Exercise brief
Copy every line from the one that holds "هشدار درباره یک" to the end of the records below, exactly and with nothing else, but without any pictures.

Available data
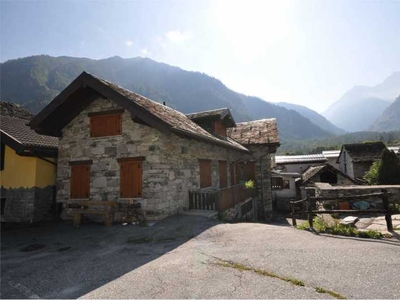attico-mansarda in Vendita ad Antrona Schieranco - 85000 Euro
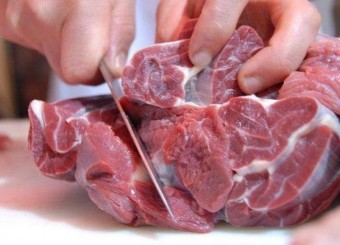 هشدار درباره یک بیماری کشنده در فصل گرما/خرید گوشت‌ بدون مهر دامپزشکی ممنوع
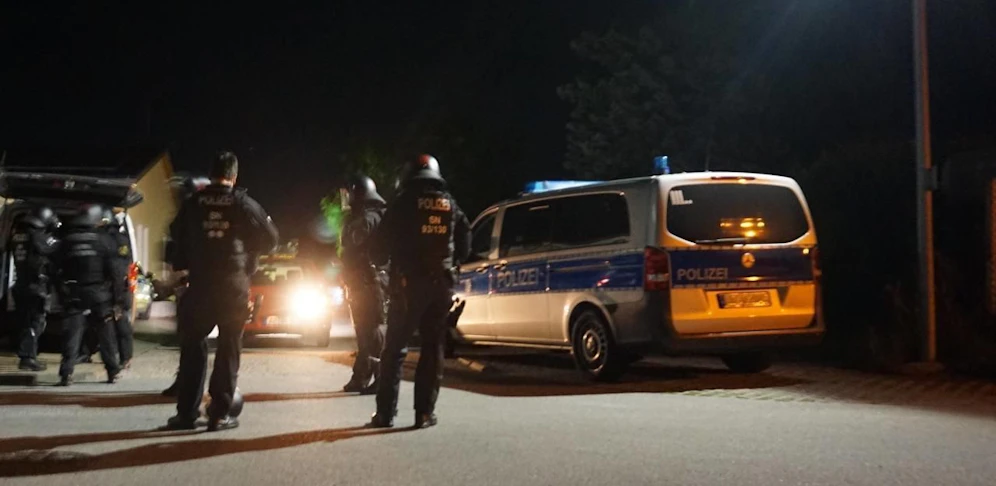 Die Polizei stellte den Mann zur Rede.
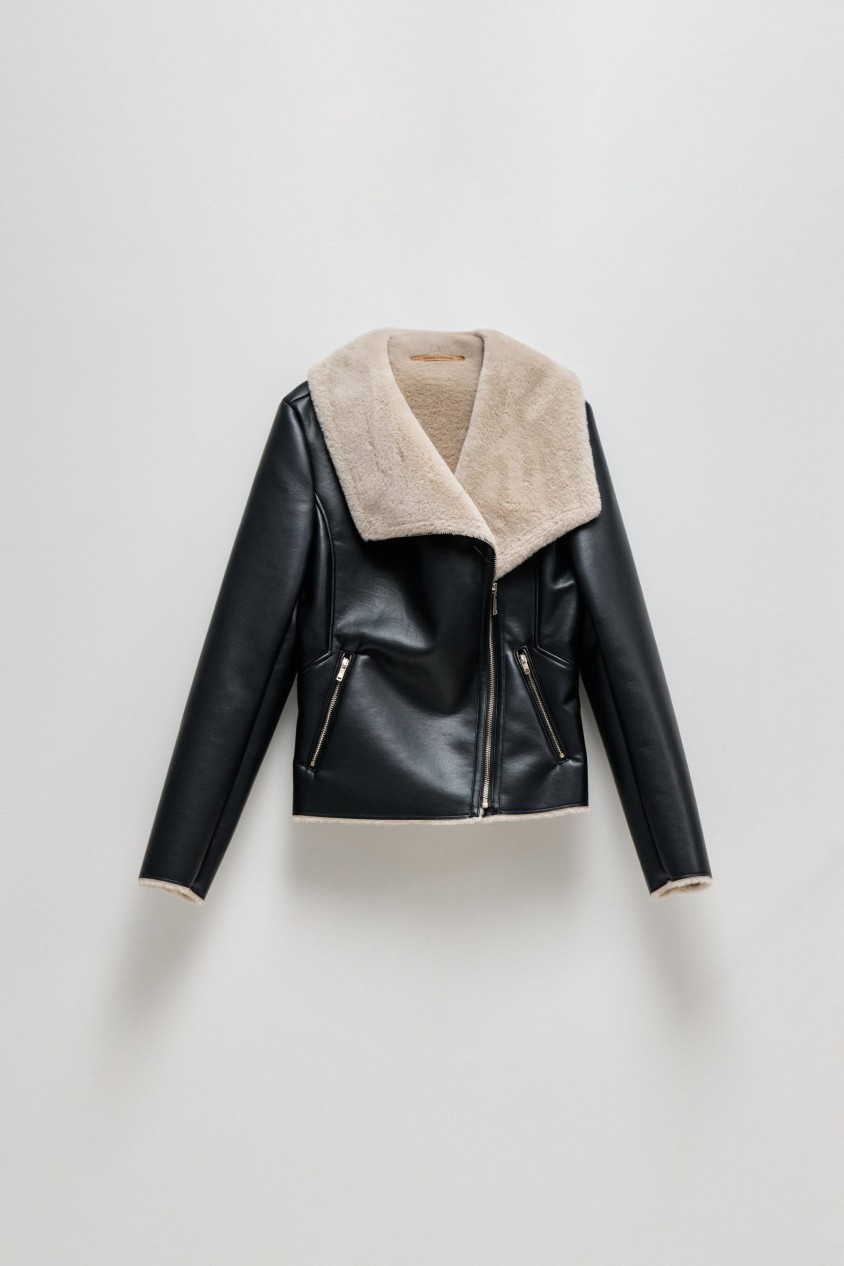 CHAQUETA EFECTO PIEL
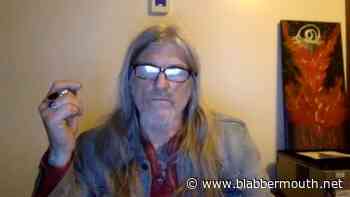 'Deep' Thinker Scott 'Wino' Weinrich Says Covid 19 Vaccines Are Not Real Vaccines - BLABBERMOUTH.NET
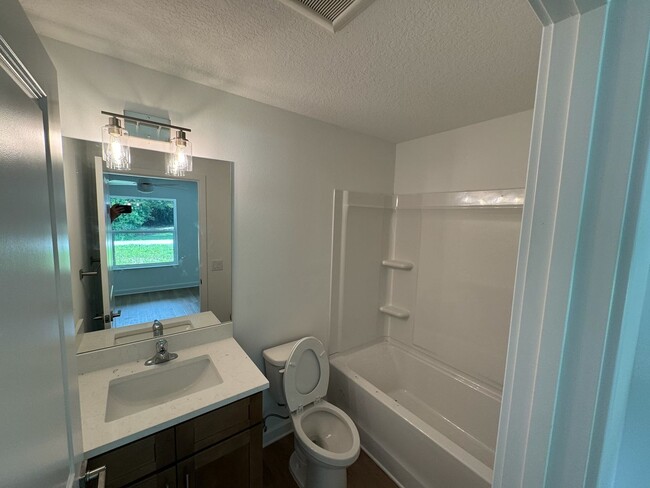 Building Photo - Available 7/1/2025 Brand New 3 bedroom 2 b...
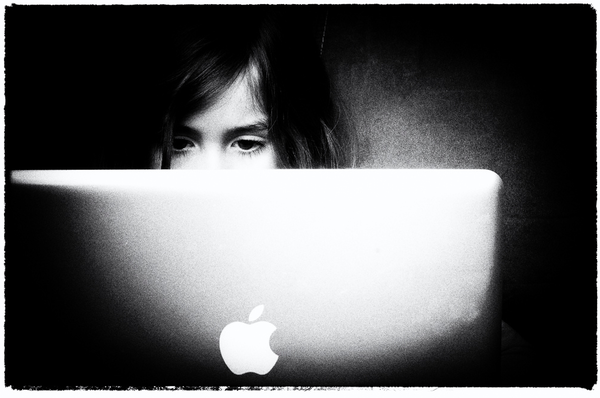 meisje achter laptop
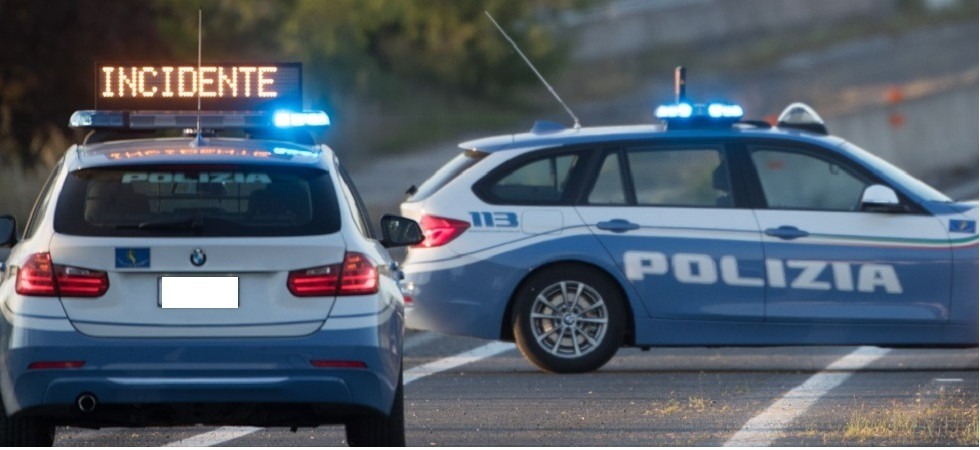 Tamponamento sull'A22, schianto tra auto: 8 persone coinvolte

Exercise solution
 هشدار درباره یک بیماری کشنده در فصل گرما/خرید گوشت‌ بدون مهر دامپزشکی ممنوع
 Die Polizei stellte den Mann zur Rede.
 CHAQUETA EFECTO PIEL
 'Deep' Thinker Scott 'Wino' Weinrich Says Covid 19 Vaccines Are Not Real Vaccines - BLABBERMOUTH.NET
 Building Photo - Available 7/1/2025 Brand New 3 bedroom 2 b...
 meisje achter laptop
 Tamponamento sull'A22, schianto tra auto: 8 persone coinvolte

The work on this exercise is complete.